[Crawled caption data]

※

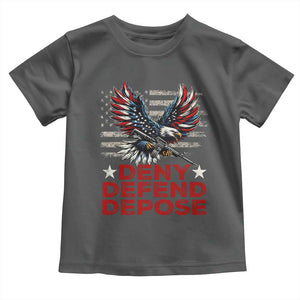 Deny Defend Depose Toddler T Shirt Eagle American Flag TS09 Dark Heather Print Your Wear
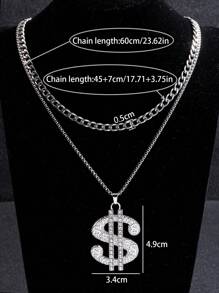 1pc Fashion Hip-Hop Style Stainless Steel Long Necklace With Pendant Charms, Including Poker, Dollar, Gun Pendant, Suitable For Gift, Valentine's Day, Graduation, Father's Day, Men's Jewelry, Chain Necklace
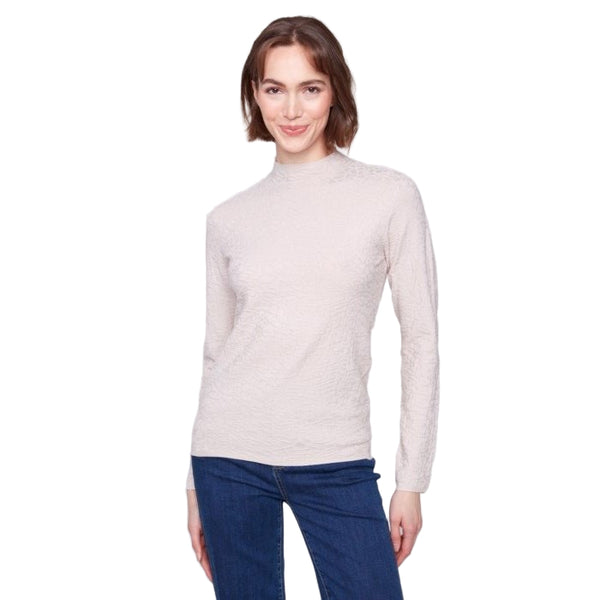 Cara Textured Mock Neck Knit Sweater - Lady of the Lake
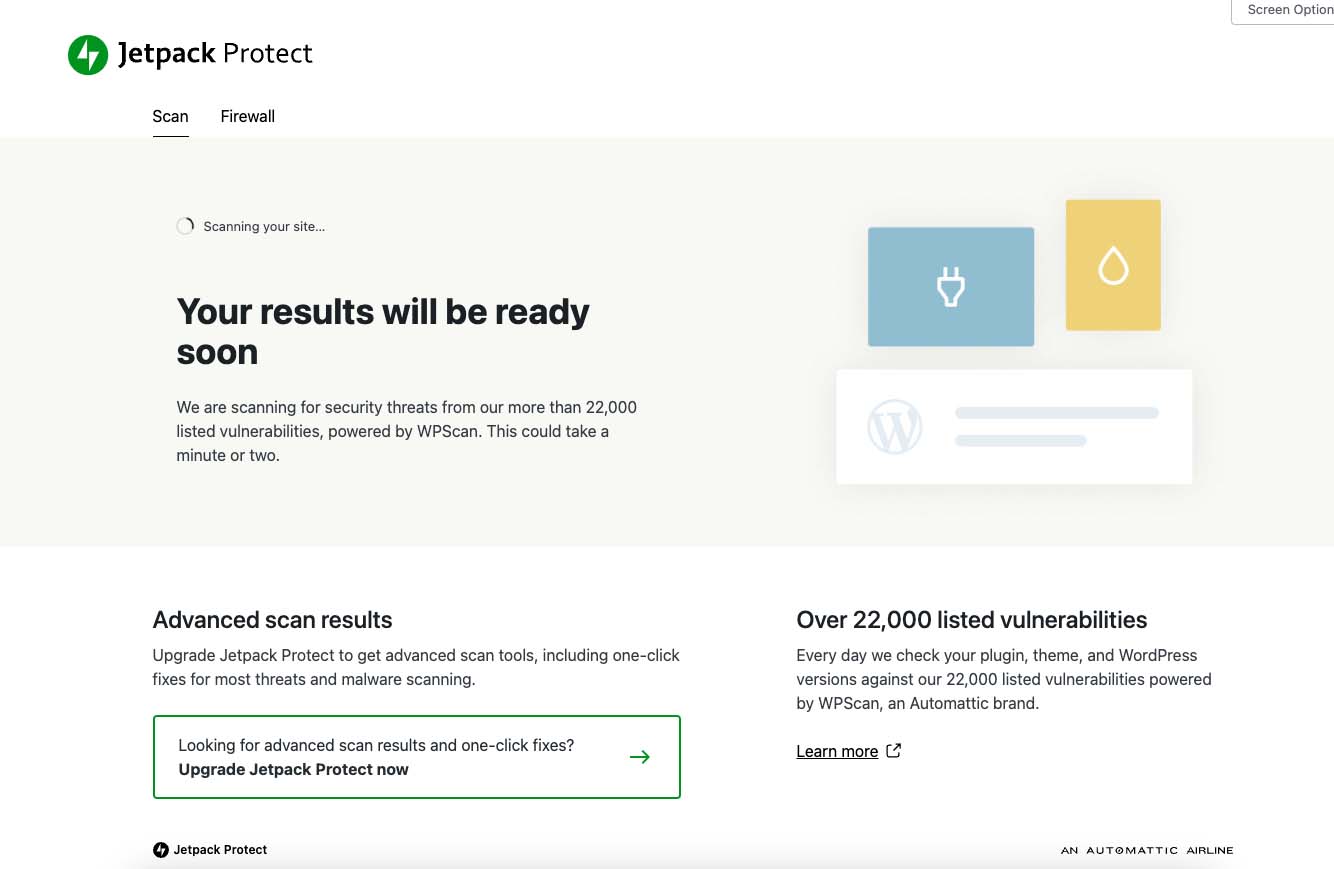 Jetpack Protect - Your results will be ready soon.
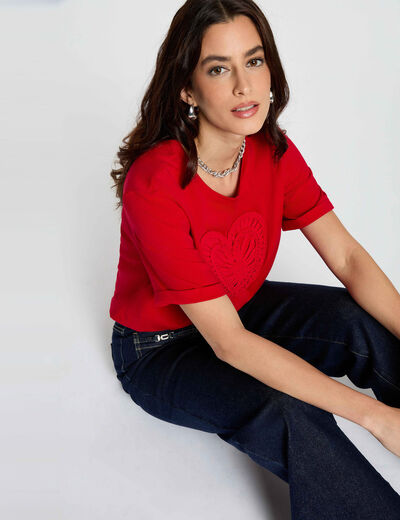 Camiseta recta de manga corta rojo mujer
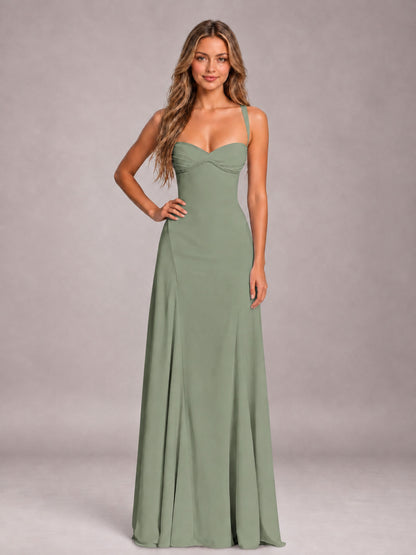 Olive Green A-Line Sweetheart Sleeveless Floor-Length Bridesmaid Dress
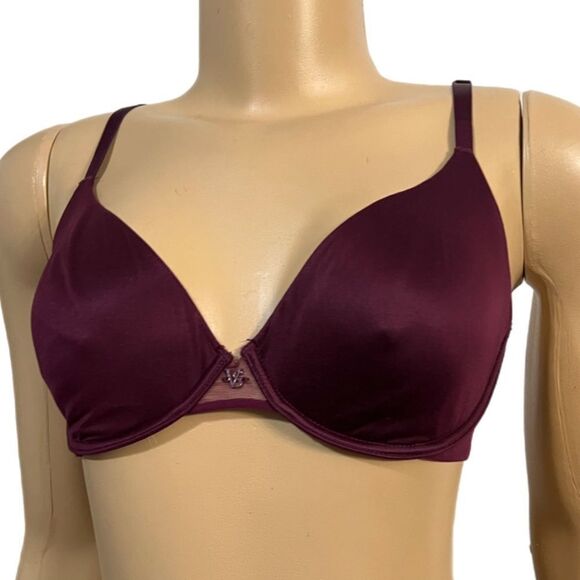 Victoria’s Secret Supersoft Satiny Fabulous unlined semi demi bra burgundy wine - Picture 2 of 4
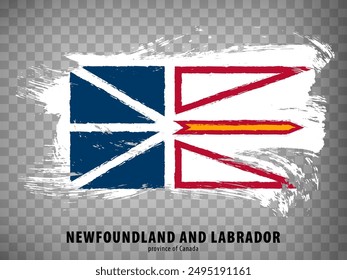 Flag of  Newfoundland and Labrador from brush strokes. Canada.  Waving Flag  Province Newfoundland and Labrador with title on transparent background for your web site design, app, UI.  Vector EPS10.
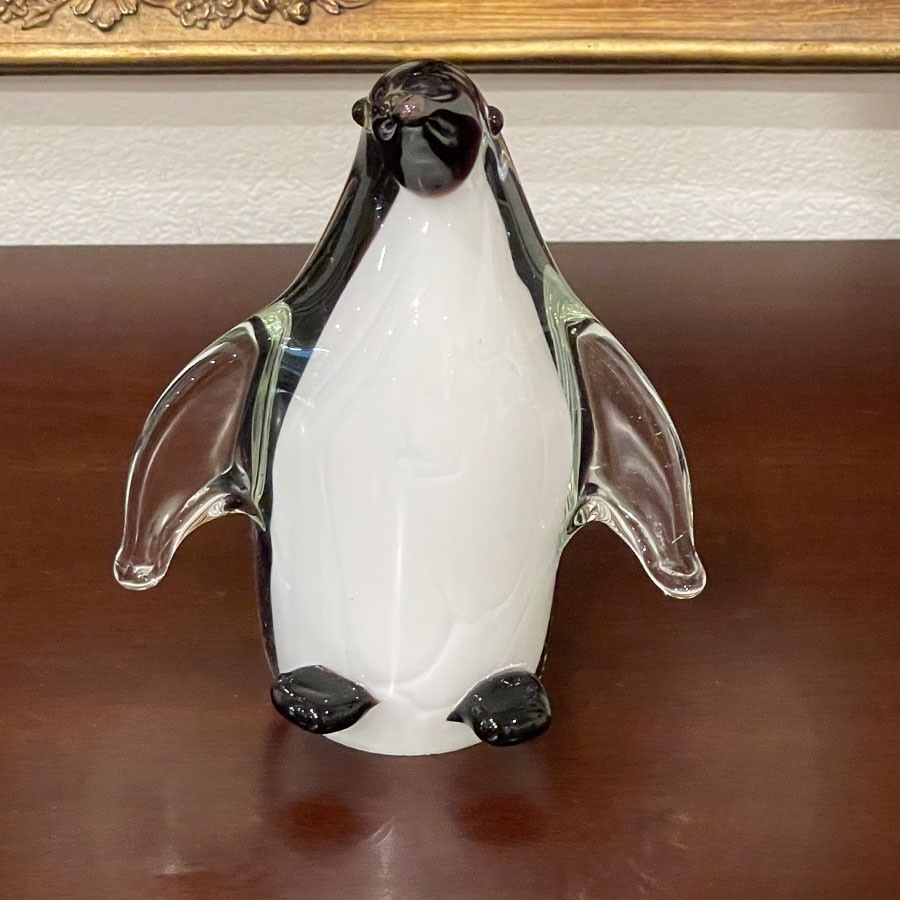 ガラス ペンギン 置物  高さ12cm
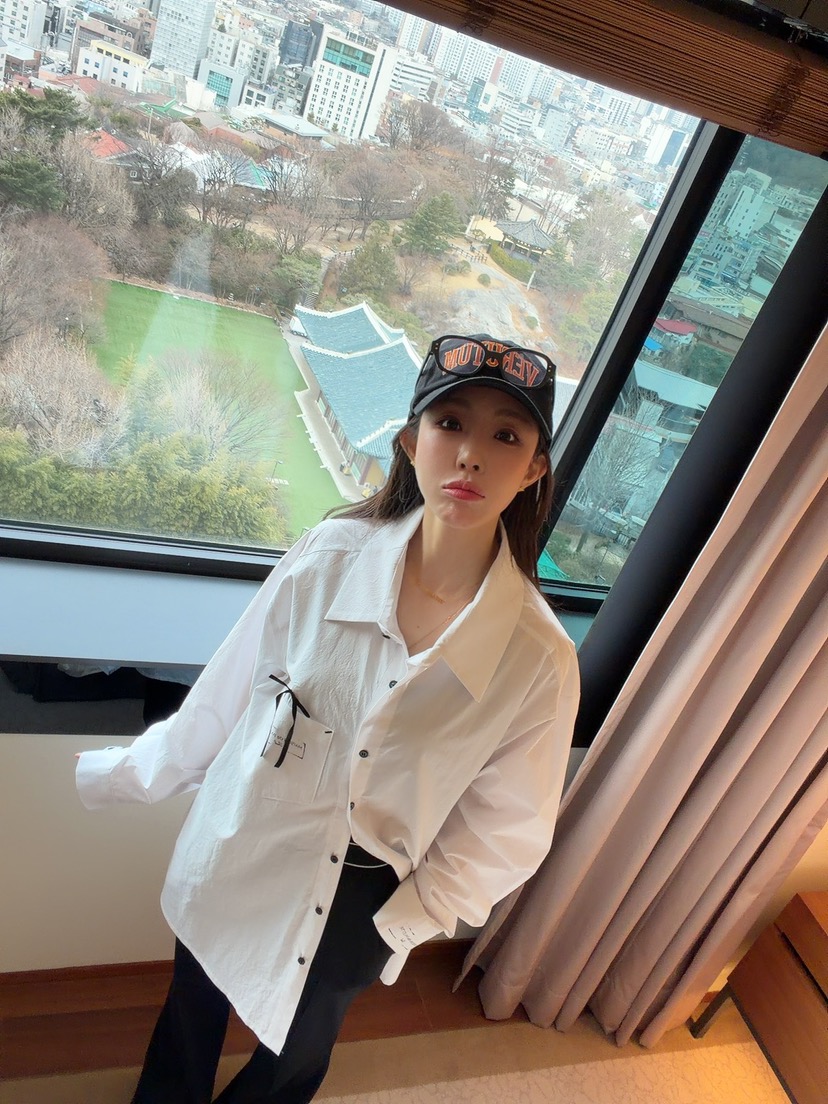 PALETTE-Q韓國代購女裝新品26春夏真品休閑時尚襯衫蕾絲衫PALETTE-Q襯衫/蕾絲衫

※

*Aim of the task:*
A faithful, complete copy of the entries is required, without the pictures.

*Exercise output:*
 Deny Defend Depose Toddler T Shirt Eagle American Flag TS09 Dark Heather Print Your Wear
 1pc Fashion Hip-Hop Style Stainless Steel Long Necklace With Pendant Charms, Including Poker, Dollar, Gun Pendant, Suitable For Gift, Valentine's Day, Graduation, Father's Day, Men's Jewelry, Chain Necklace
 Cara Textured Mock Neck Knit Sweater - Lady of the Lake
 Jetpack Protect - Your results will be ready soon.
 Camiseta recta de manga corta rojo mujer
 Olive Green A-Line Sweetheart Sleeveless Floor-Length Bridesmaid Dress
 Victoria’s Secret Supersoft Satiny Fabulous unlined semi demi bra burgundy wine - Picture 2 of 4
 Flag of  Newfoundland and Labrador from brush strokes. Canada.  Waving Flag  Province Newfoundland and Labrador with title on transparent background for your web site design, app, UI.  Vector EPS10.
 ガラス ペンギン 置物  高さ12cm
 PALETTE-Q韓國代購女裝新品26春夏真品休閑時尚襯衫蕾絲衫PALETTE-Q襯衫/蕾絲衫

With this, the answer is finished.